Questione di sicurezza. Ma in vari casi in regione non si arriva nemmeno alla quota più bassa. Lo rilevò pure la giunta Tondo nella deliberà che recepì gli indirizzi nazionali, senza peraltro alcun intervento conseguente. Stando alle rilevazioni 2005-2011, Gorizia non ha mai raggiunto recentemente i 500 parti e pure Latisana, Monfalcone e Tolmezzo stanno sotto quella soglia. Telesca, sollecitata dai soci del Lions, chiarisce che la situazione va cambiata.

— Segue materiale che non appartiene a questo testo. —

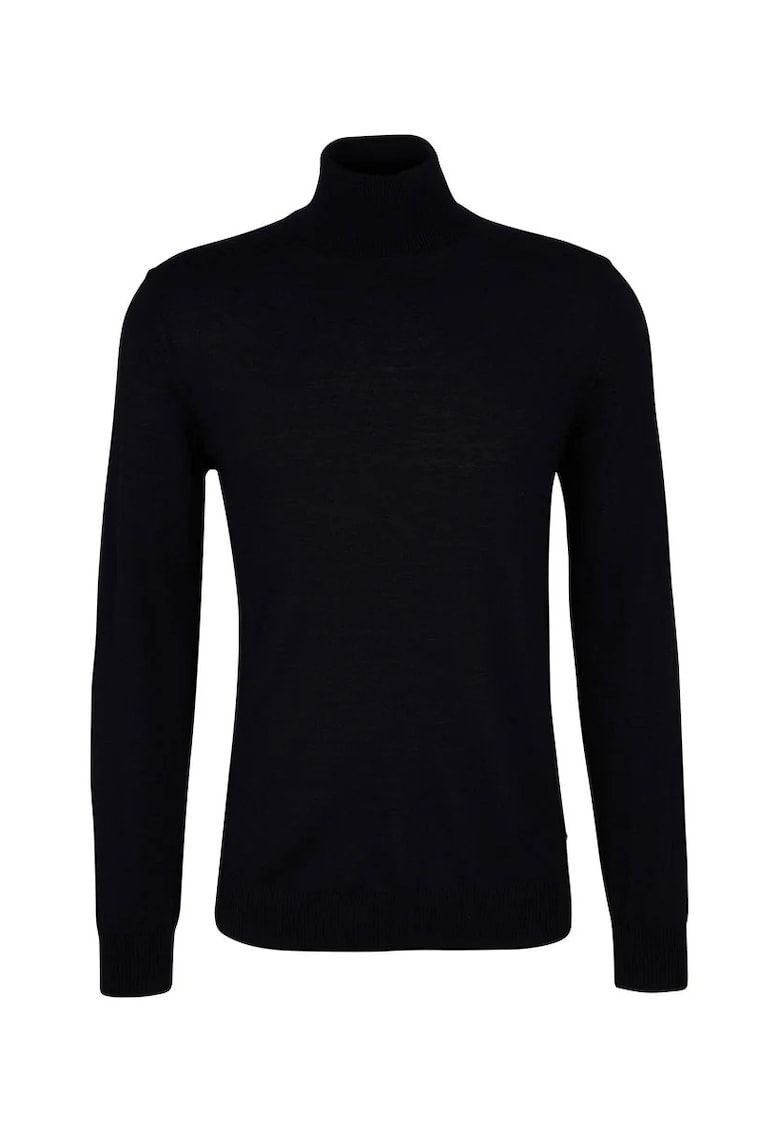 Bluză cu guler înalt cu croi clasic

Localismi, conflitti tra territori, competizione tra professionisti? «Barriere da superare – afferma l’assessore –: bisogna mettersi in rete, i medici devono aprirsi ai colleghi, inutile ripetere tra province le stesse competenze». E anche la politica deve fare la sua parte, optando per scelte coraggiose, spiegando ad esempio ai cittadini che è «assurdo mantenere in una regione di 1,2 milioni di abitanti ben 11 punti nascita. Alcuni registrano solo 250 nascite all'anno, cioè un parto ogni giorno e mezzo. Meglio spostarsi di 20-30 km e partorire in sicurezza, dove di bambini ne nascono tanti e i medici sono, per forza di cose, più esperti».

Riconversione ospedali

Più in generale l’assessore descrive la sanità Fvg dei prossimi anni come «una rete di ospedali di eccellenza in cui convogliare determinate competenze, con le strutture più piccole che non dovranno più fungere da mere ripetizioni di quanto proposto nei centri più grandi». I servizi del territorio? «Saranno mantenuti da distretti, poliambulatori, medici di medicina generale e anche dalle farmacie, mentre l'ospedale dovrà essere "liberato" dai servizi delegabili e rispondere all'acuto». Nessuna chiusura di ospedali, in sintesi, ma «una riconversione» all’interno di un cambiamento culturale «in cui non si pensi più alla cura sotto casa, perché quando serve ci si sposta».

Welfare

Ancora Telesca recupera il tema del welfare che tanto preoccupa i sindacati. Se il settore, stando ai numeri resi noti dalla giunta, perde complessivamente una quindicina di milioni di euro, l’assessore precisa che tagli così pesanti non riguardano le poste chiave. Anzi, «sul Fap, l'abbattimento delle rette delle case di riposo e il trasferimento ai Comuni dei finanziamenti destinati al sociale, siamo riusciti a mettere a punto alcuni interventi per cui, di fatto, manteniamo le cifre dello scorso anno». Più nel dettaglio, il Fap è stato recentemente integrato con 1 milione di euro sul 2013 e ci sono poi a disposizione anche 4 milioni di fondi statali «che ci consentiranno di non discostarci da una cifra che, nell'ultimo lustro, è sempre aumentata anche in assenza, per ben due anni, della quota nazionale prevista dal Fondo sociale».